USMCA negotiations completed late last year with the parties signing it at the end of November. With it, the complete text of the agreement was released to the public for their reading pleasure. Clocking in at close to two thousand pages, most will see the text as a great substitute for Nyquil.
Of course, despite the narcoleptic power of the agreement, for some, it will be in their best interests to give it a look over. For instance, Chapter 3 deals with “Agriculture” and is probably something farmers should read. Chapter 6 is all about “Textiles and Apparel” and may be something aspiring fashion designers should be aware of. Then, there is Chapter 20, “Intellectual Property” which means anyone practicing in the field of patents, copyright, trade-marks or industrial designs, like me, should probably take a look at it to see what’s going on.
Fortunately for me, section C, which deals with Trademarks, is only four pages long. On reading, it largely does not actually say anything fundamentally new or different than what Canada has agreed to in previous agreements or, at the very least, been advised to implement. However, there was one section in particular that caught my eye.

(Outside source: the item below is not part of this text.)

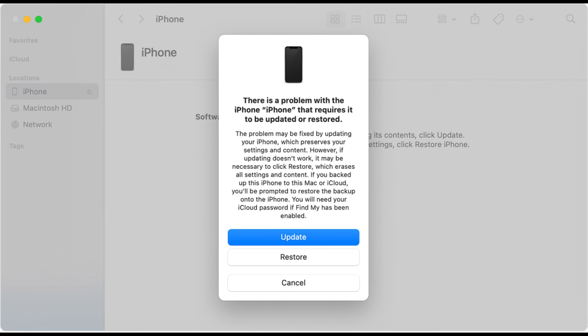If your iPhone is restarting randomly after dropping, screen replacement, battery replacement, or liquid damage, go to an Apple Store in search of repair.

The agreement acknowledges that Well-Known (Famous) Trade-marks should be provided with an array of special rights and provisions beyond those of normal trade-marks, including, a wider ambit of protection and the ability to enforce rights in Well-Known Trade-marks that may have only been used outside of Canada. However, most of these provisions read almost verbatim to the Agreement on Trade-Related Aspects of Intellectual Property Rights (TRIPS), which Canada ratified in 1995. And, on a plain reading of the Trade-marks Act, those provisions do not appear to have been implemented in any significant manner.
Specifically, Section 5 of the Trade-marks Act offers a very narrow and outdated path to a trade-mark being considered well known in Canada and requires spillover advertising in the form of printed publications or radio broadcasts only. This may have been sufficient when these forms of media were all the rage in the 1940s, but in 2019, it would be antiquated to call these provisions antiquated.
The Trade-marks Act also does not offer any particular rights or remedies to well-known trade-marks outside those typically available to normal trade-marks.
This is particularly relevant as the parties explicitly agree in the text of USMCA to “recognize the importance” of the Joint Recommendation Concerning Provisions on the Protection of Well-Known Marks as adopted by WIPO in September of 1999, which articulates, among many other things, a broad list of criteria for establishing well known trade-marks and the remedies which should be available to them.
But Canada has already agreed to the substantive elements of these provisions in other agreements over two decades ago and have only paid them lip service. Does this mean changes to the laws with respect to Well-Known Trade-marks are coming? Does the recognition of the “importance” of the Joint Recommendations provide any obligation to actually implement them? Or is it like healthy eating and exercise? Most recognize its importance, but few actually do it.